Task Log Stream Debug Flow
Task Log Stream is a projection, not a separate source of truth.
For OpenCode tasks, a healthy stream should show native tool rows such as read, bash, edit, write, plus Agent Teams MCP rows. If it only shows agent-teams_* calls:
- confirm the task has OpenCode attribution for the member/session
- confirm the OpenCode transcript contains native tools inside the bounded task window
- check whether the task was assigned after the native work happened
- do not widen attribution so far that unrelated session work is pulled into the task
If Changes says "No file changes recorded" while native write/edit rows exist, inspect the ledger/backfill path. Task logs can show runtime tools even when .board-task-changes/** was not created.
Safe Fix Checklist
Before changing launch or runtime logic:
- Preserve stale-run, tombstone, stopped-team, and removed-member guards.
- Do not make
member_briefingruntime evidence. - Do not make delivery/watchdog auto-launch a fresh OpenCode lane.
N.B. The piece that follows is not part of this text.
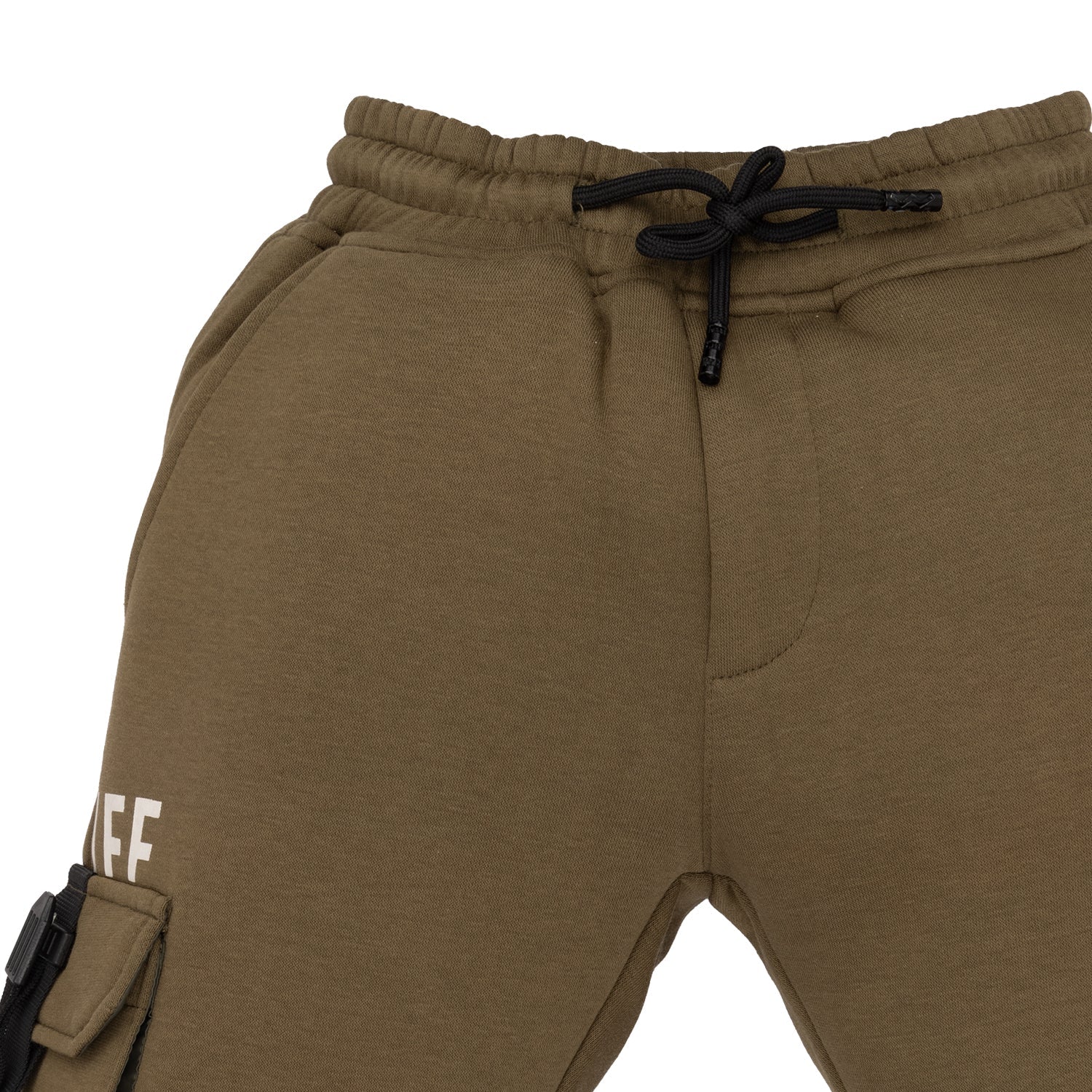 Boys Solid Regular Fit Joggers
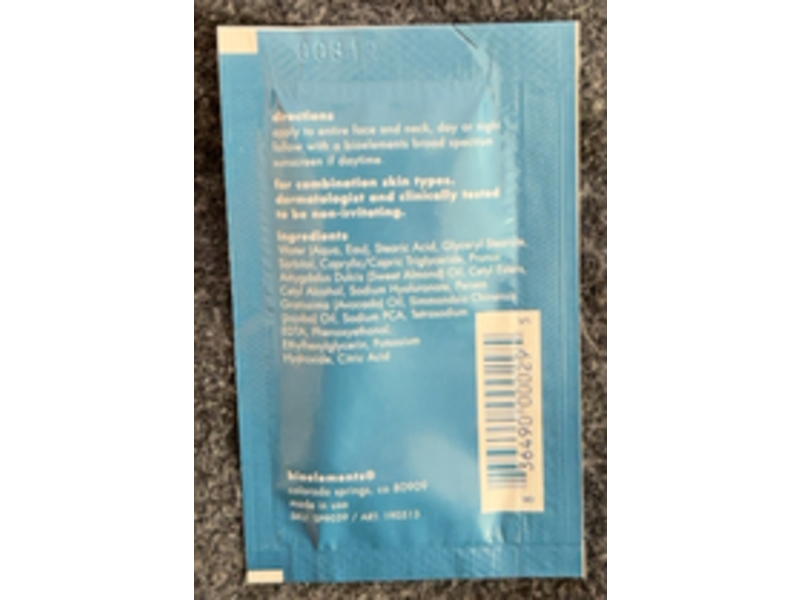 Bioelements Absolute Moisture Lightweight Moisturizer, 0125 fl oz/3.6 mL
- Keep primary launch readiness separate from secondary OpenCode lane readiness.
- Keep runtime evidence lane-scoped. Never let one OpenCode lane satisfy another lane.
- Add a regression test for the exact state shape you found in
launch-state.json.
Recommended verification:
pnpm test -- test/main/services/team/TeamProvisioningService.test.ts
pnpm test -- test/main/services/team/TeamAgentLaunchMatrix.safe-e2e.test.ts
pnpm typecheck
git diff --check
Use narrower test commands first when editing a focused path, then run the broader suite that covers launch, delivery, and liveness.